Which is kinda where my epiphany plugs in.  The general population learns in high school science class that every action has an equal reaction.  Simply put, EVERYONE knows that if you do something like push a ball, it will roll away.  Not rocket science.  It's basic logic.  And THAT's what differentiates the really smart people from the, shall we say, not quite as smart people.

Really smart people realize that there is not just simply an equal reaction, but that there are two equal reactions - one positive and the other negative.  Using the same ball example, when the ball rolls away, you no longer have the ball and must chase it in order to roll it again, OR risk losing it forever.  On the flip side, clearly you can be entertained by the rolling ball, you can analyze it, you can even potentially watch the ball bounce off of or be redirected by the things that impede it's path.  In every action, there is a risk and reward decision that must precede it.  That's why smart people have angst - and probably why the genius have gotten over their angst in not giving the negative reactions any power over the positive ones.

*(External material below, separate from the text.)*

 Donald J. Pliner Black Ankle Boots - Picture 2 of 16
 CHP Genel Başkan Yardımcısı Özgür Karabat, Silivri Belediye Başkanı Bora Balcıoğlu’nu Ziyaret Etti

So I'm far from any declarations of "genius".  I'm far too angst riddled for that.  And my angst centres directly on the fact that I recognize that by every decision/action I take, I am both sending positive and negative messages, and that I honestly have no control over which message resonates loudest for the receiver of it.  It's also why I am constantly at odds with my job.  My job is not soul filling, nurturing or making the world a better place.  I get paid well to do a good job that makes other people filthy rich.  BUT, I make damn good money that keeps my family fed, healthy and living a good first world kind of life, and which affords me the luxury of finding other ways to make the world a better place for others.  It's not enough, but it feeds the smallest corners of my soul and gives me hope that retirement will be more fulfilling.  But it's also precisely why the meme speaks so much truth in such a simple statement.  In a world where we're doing things that don't fulfill our souls or make the world a better place, and leave us at constant odds with our own human purpose, well, it is the straw that breaks the camel's back to work with people who seem numb to purpose, and immune to the impacts of "reaction" in their day to day work.  Stupidity in it's own right, becomes the action that doesn't recognize it's negative impact on the world around it.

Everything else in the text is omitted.